Os projetos de indicação são apontados por cientistas políticos como um dos principais instrumentos usados pelos legisladores – estaduais e municipais de todo o País – para criação de uma conexão entre o mandato, a sociedade e o Poder Executivo, em que o parlamentar procura justificar seu mandato ao eleitorado, de forma mais imediata, diante das muitas dificuldades que encontra para legislar frente aos obstáculos impostos pelas constituições, federal e estadual, que dão muito mais competência ao Executivo de legislar do que ao próprio parlamento.
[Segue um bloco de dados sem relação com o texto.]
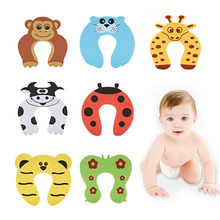 5Pcs Safety Card Stopper Clip Finger Safety Guard Care Products Baby Safety Door Clamp Cartoon Cute Animal Child Kids Door 2024 - buy cheap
“Uma das causas dessa situação é, de fato, a limitação do Poder Legislativo de legislar sobre diversas matérias precisas na Constituição. E essa limitação é potencializada por interpretações equivocadas”, analisa o advogado Walmir Brelaz, da bancada do PT na Alepa, referindo-se à rejeição de projetos de lei que, se melhor estudados, poderiam ser aprovados pelo Legislativo sem incorrerem em inconstitucionalidade.
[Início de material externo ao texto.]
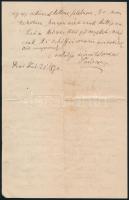 1870 Hegedűs Sándor (1847-1906) közgazdász, miniszter, író saját kézzel írt szerelmes levele Jókay J...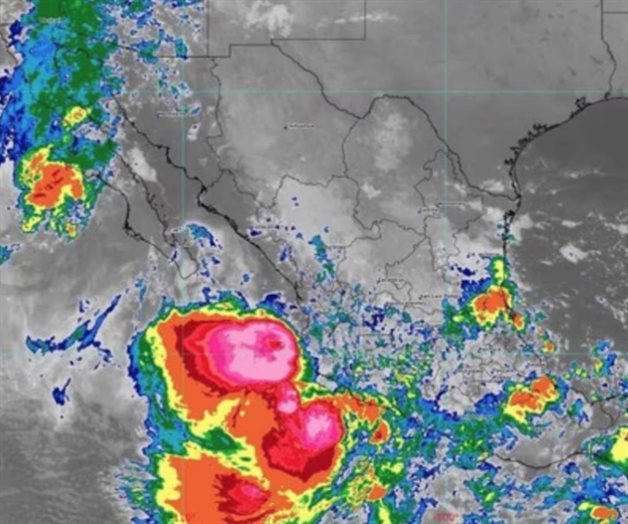Tormenta tropical Raymond se desplaza por costas mexicanas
Entre os equívocos, exemplifica Brelaz, está a rejeição de matérias que legislam sobre tarifas de energia e de água diante do entendimento da maioria dos deputados de que esse assunto é de competência da União. “Quando, na verdade, está tratando de Direito do Consumidor, de iniciativa também parlamentar”, diz o advogado, que também considera um equívoco a derrubada de projetos de lei que dão atribuição a secretarias sobre assuntos inerentes à própria pasta.

Outros projetos que costumam ser rejeitados pela Alepa são os que mexem com lei tributária. “Mas o próprio Supremo Tribunal Federal já decidiu que deputado pode legislar sobre direito tributário e até em casos de aumento de despesa, quando previsto em orçamento. Mas são rejeitados internamente”, diz Brelaz.

É por essas e outras razões, avalia o advogado, que o parlamentar “socorre-se do indicativo” para ver executado aquilo que se comprometeu com a sociedade apesar dos papeis do Legislativo e Executivo estarem bem definidos na Constituição.